YOUR INSTRUCTIONS ▸
Return nothing except the lines from the one that contains "HONDA ACCORD image 8" through the end of the material below, each exactly as given.

LISTED ENTRIES ▸
_____

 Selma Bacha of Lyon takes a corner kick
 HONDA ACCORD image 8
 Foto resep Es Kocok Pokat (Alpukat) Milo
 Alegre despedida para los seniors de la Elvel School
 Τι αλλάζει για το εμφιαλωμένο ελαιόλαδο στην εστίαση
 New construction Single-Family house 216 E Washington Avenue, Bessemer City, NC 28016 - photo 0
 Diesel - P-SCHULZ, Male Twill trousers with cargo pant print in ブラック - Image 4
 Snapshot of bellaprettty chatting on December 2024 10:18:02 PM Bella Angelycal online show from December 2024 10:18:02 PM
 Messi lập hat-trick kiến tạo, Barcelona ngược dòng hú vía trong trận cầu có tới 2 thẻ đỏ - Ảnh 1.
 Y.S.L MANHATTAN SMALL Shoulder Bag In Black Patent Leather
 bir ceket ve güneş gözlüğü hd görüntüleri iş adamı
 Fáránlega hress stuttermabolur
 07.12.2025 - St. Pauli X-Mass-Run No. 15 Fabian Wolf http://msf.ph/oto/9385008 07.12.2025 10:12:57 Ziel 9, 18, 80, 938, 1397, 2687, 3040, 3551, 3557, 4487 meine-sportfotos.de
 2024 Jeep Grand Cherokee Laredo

_____

EXPECTED ANSWER ▸
 HONDA ACCORD image 8
 Foto resep Es Kocok Pokat (Alpukat) Milo
 Alegre despedida para los seniors de la Elvel School
 Τι αλλάζει για το εμφιαλωμένο ελαιόλαδο στην εστίαση
 New construction Single-Family house 216 E Washington Avenue, Bessemer City, NC 28016 - photo 0
 Diesel - P-SCHULZ, Male Twill trousers with cargo pant print in ブラック - Image 4
 Snapshot of bellaprettty chatting on December 2024 10:18:02 PM Bella Angelycal online show from December 2024 10:18:02 PM
 Messi lập hat-trick kiến tạo, Barcelona ngược dòng hú vía trong trận cầu có tới 2 thẻ đỏ - Ảnh 1.
 Y.S.L MANHATTAN SMALL Shoulder Bag In Black Patent Leather
 bir ceket ve güneş gözlüğü hd görüntüleri iş adamı
 Fáránlega hress stuttermabolur
 07.12.2025 - St. Pauli X-Mass-Run No. 15 Fabian Wolf http://msf.ph/oto/9385008 07.12.2025 10:12:57 Ziel 9, 18, 80, 938, 1397, 2687, 3040, 3551, 3557, 4487 meine-sportfotos.de
 2024 Jeep Grand Cherokee Laredo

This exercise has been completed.